3Sha, this news will rock the boat you are sitting in now!!(But I guess when you read this, you're already home. Why don't you get auto-roaming, you bitch!)
Rat+Mar+Grace: This doesn't even concern you guys and I even have this feeling that
G won't even know who the hell I'm talking about, but who gives!
This has gotta be the funniest nonsense I've heard all month, all thanks to
you-know-who-you-are.
I need to tell someone in Singapore. I need to tell someone in Singapore. I need to tell someone in Singapore.
RAHHHHHHHHHHHHHHHH!!!!
e*an said at
8:54:00 pm
I remember making a list of things to do while I'm here. It included horseback riding and getting my licence. Checked!
Over the weekend while everyone was pretending to be hardworking, I dragged Kenny to the outbacks for an adventure.
HORSE RIDINGNever fancied small dogs but this one's so adorable!
The stables stunk of horse shit but here's a closeup picture with the culprits!
Ching, this one's especially for you. I found a German Shepherd pup!! x))) This is MY kinda dog.
So we trotted along the beach....
Postcard worthy picture, I might say.
I look like a kid for some weird reason. Must be the hair and the face.

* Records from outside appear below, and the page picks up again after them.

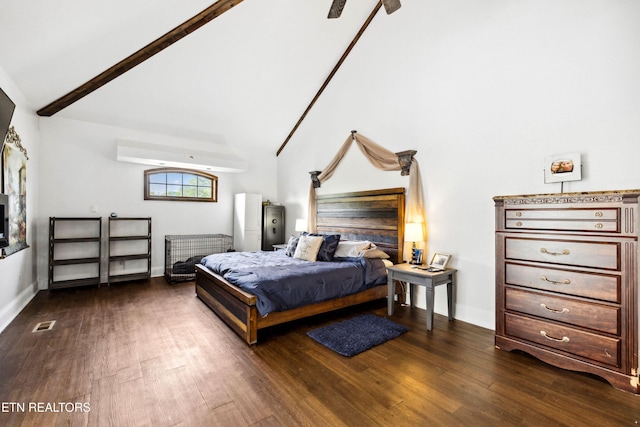 bedroom with baseboards, visible vents, beamed ceiling, high vaulted ceiling, and dark wood-type flooring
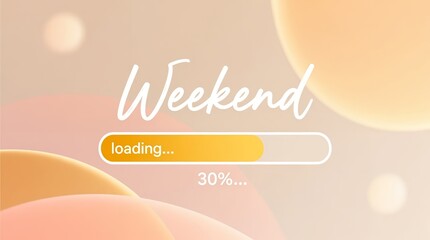 Soft pastel abstract background with weekend loading progress bar design symbolizing relaxation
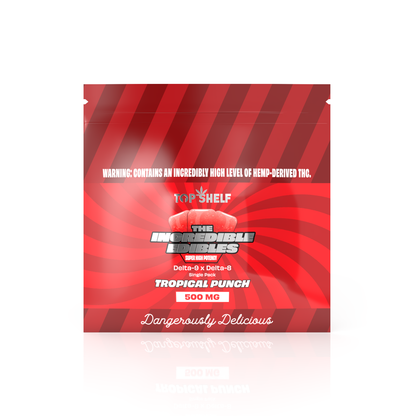 Incredible Edibles Single Pack Tropical Punch 500 mg – front view of pack from Top Shelf Hemp Co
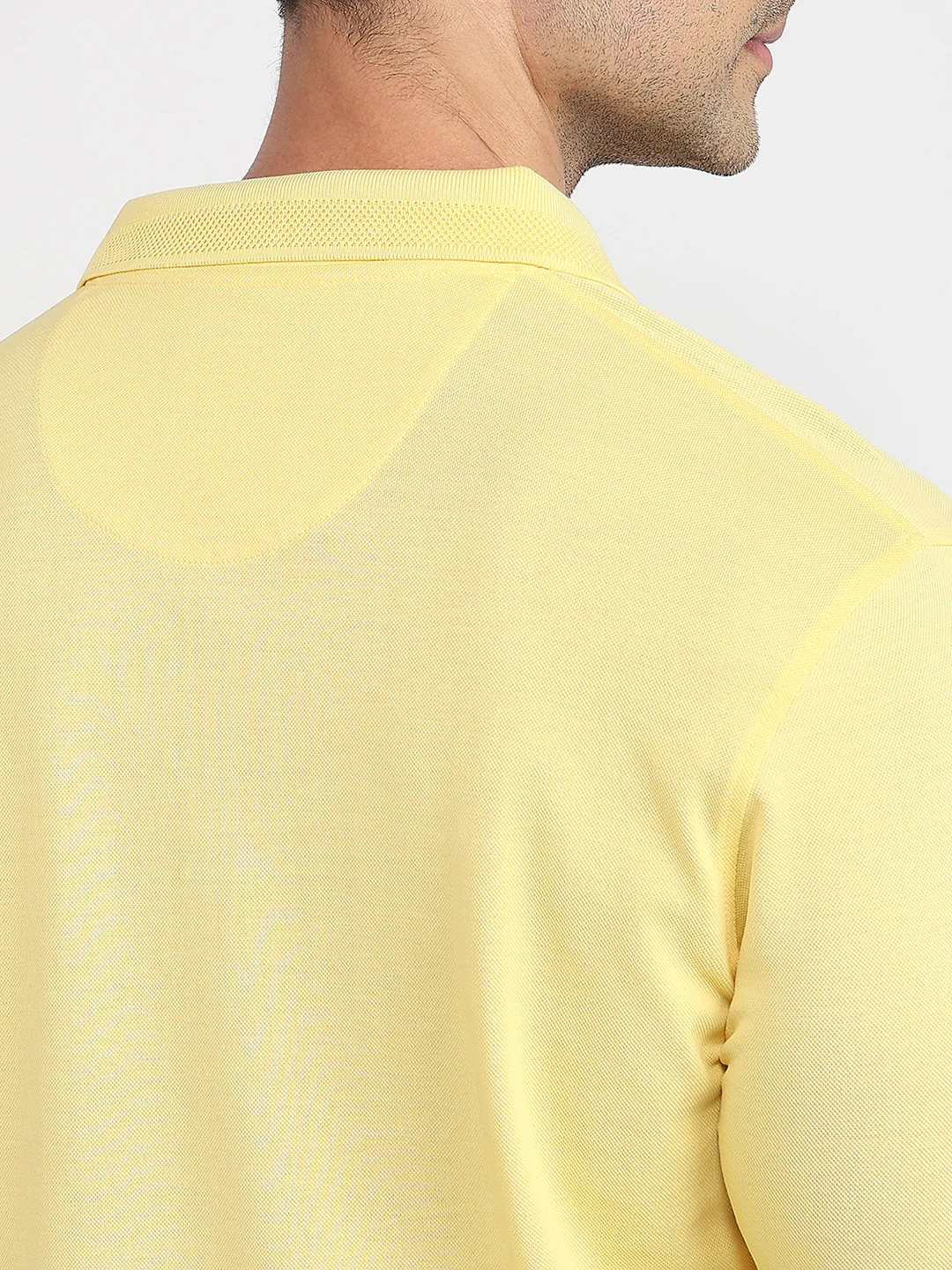 Colorplus Men Yellow Solid Comfort Fit Cotton T-shirt - Image 7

And we rode through bushlands.
This is my girl, Sizzle. Highly problematic but still lovable. Don't know why there are orbs. But since the animals aren't kicking up a fuss, I don't see why I should be paranoid.
Yeah, I know my face screams lard. No need to keep harping on it already. At least I have
Lyn and she has me.
Dismounting.
Me: What do you call a male pig?
K: A boar.
Me: What do you call a female pig?
K: I dunno.. what?
Me: A ham. Hahahahahahahahahahahahahaha
K: Ham? Very funny meh? You're a ham.
Me: It's actually called a sow. Can't believe you bought my bullshit.
K: Sow? I thought that's for rabbits.
-_-
e*an said at
5:21:00 pm
Keep your paws to yourself, missy. Because, if I ever decide to get into a bitchfit, you'll probably be so sorry that you were ever related to me in any way.
I don't really get it. What sort of negative karma have I accumulated in my past life, that I can't seem to avoid having to cross paths with people like
them. If Kenny hadn't been keeping my sanity in check, I can't guarantee that I won't drive my pen through that ugly looking eyeball of yours.
Brand new start, my ass.
e*an said at
1:10:00 pm
Look what I got in the mail!
Well, Kristin and I concluded that the cameras at City West are lousy. Though the truth is that I've been stuffing myself silly with 4 slices of pizza daily. No less. I shouldn't have gone to submit my log book and take the HPT on a bad hair day.
AFTER
BEFORE (note that sharp chin existed and chipmunk cheeks didn't)
This is for Lynette, who claims that she hasn't seen this at the newstand.
No prizes for guessing which MTV this is.